*** Data provided ***
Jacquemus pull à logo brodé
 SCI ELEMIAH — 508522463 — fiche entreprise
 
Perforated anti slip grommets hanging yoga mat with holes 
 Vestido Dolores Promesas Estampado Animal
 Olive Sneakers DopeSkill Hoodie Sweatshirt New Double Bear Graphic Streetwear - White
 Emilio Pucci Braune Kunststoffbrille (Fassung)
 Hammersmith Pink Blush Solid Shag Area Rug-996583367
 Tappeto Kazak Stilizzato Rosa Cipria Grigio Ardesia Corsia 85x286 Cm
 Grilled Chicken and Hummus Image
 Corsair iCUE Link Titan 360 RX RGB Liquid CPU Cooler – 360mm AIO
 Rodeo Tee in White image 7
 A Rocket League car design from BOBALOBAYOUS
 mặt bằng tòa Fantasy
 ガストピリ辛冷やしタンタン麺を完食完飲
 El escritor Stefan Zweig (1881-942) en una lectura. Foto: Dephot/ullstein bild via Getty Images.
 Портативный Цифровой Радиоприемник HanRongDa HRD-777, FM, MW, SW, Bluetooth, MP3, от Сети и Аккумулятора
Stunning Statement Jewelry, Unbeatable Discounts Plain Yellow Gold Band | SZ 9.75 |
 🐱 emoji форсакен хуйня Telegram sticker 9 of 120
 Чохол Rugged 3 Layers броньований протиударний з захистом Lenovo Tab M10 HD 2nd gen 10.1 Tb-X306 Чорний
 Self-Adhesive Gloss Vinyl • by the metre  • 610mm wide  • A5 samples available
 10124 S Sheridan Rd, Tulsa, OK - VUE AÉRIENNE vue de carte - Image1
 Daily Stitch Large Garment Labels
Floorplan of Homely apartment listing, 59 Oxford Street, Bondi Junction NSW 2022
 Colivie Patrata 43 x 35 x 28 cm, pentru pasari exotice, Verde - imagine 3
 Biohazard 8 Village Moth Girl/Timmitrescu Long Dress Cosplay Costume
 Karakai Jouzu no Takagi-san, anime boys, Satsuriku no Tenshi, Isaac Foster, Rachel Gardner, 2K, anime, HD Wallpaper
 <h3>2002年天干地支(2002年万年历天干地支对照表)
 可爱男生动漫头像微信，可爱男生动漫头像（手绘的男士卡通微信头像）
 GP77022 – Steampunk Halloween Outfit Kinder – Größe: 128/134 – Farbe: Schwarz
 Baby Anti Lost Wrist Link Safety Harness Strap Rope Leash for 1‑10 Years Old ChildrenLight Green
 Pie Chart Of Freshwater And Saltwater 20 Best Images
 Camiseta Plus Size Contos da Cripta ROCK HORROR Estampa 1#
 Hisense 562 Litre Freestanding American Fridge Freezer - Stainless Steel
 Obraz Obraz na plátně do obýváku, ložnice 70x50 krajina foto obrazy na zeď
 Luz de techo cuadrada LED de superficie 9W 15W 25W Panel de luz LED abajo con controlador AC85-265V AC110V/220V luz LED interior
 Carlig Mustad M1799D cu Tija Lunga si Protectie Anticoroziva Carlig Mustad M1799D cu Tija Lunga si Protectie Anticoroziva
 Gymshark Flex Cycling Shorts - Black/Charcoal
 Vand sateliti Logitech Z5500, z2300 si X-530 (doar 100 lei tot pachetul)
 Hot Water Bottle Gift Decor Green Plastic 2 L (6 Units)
***
Please give a word-for-word repetition of the lines from the one containing "可爱男生动漫头像微信，可爱男生动漫头像（手绘的男士卡通微信头像）" through the last line of the data above, including both, and nothing besides.

**Reply**.
 可爱男生动漫头像微信，可爱男生动漫头像（手绘的男士卡通微信头像）
 GP77022 – Steampunk Halloween Outfit Kinder – Größe: 128/134 – Farbe: Schwarz
 Baby Anti Lost Wrist Link Safety Harness Strap Rope Leash for 1‑10 Years Old ChildrenLight Green
 Pie Chart Of Freshwater And Saltwater 20 Best Images
 Camiseta Plus Size Contos da Cripta ROCK HORROR Estampa 1#
 Hisense 562 Litre Freestanding American Fridge Freezer - Stainless Steel
 Obraz Obraz na plátně do obýváku, ložnice 70x50 krajina foto obrazy na zeď
 Luz de techo cuadrada LED de superficie 9W 15W 25W Panel de luz LED abajo con controlador AC85-265V AC110V/220V luz LED interior
 Carlig Mustad M1799D cu Tija Lunga si Protectie Anticoroziva Carlig Mustad M1799D cu Tija Lunga si Protectie Anticoroziva
 Gymshark Flex Cycling Shorts - Black/Charcoal
 Vand sateliti Logitech Z5500, z2300 si X-530 (doar 100 lei tot pachetul)
 Hot Water Bottle Gift Decor Green Plastic 2 L (6 Units)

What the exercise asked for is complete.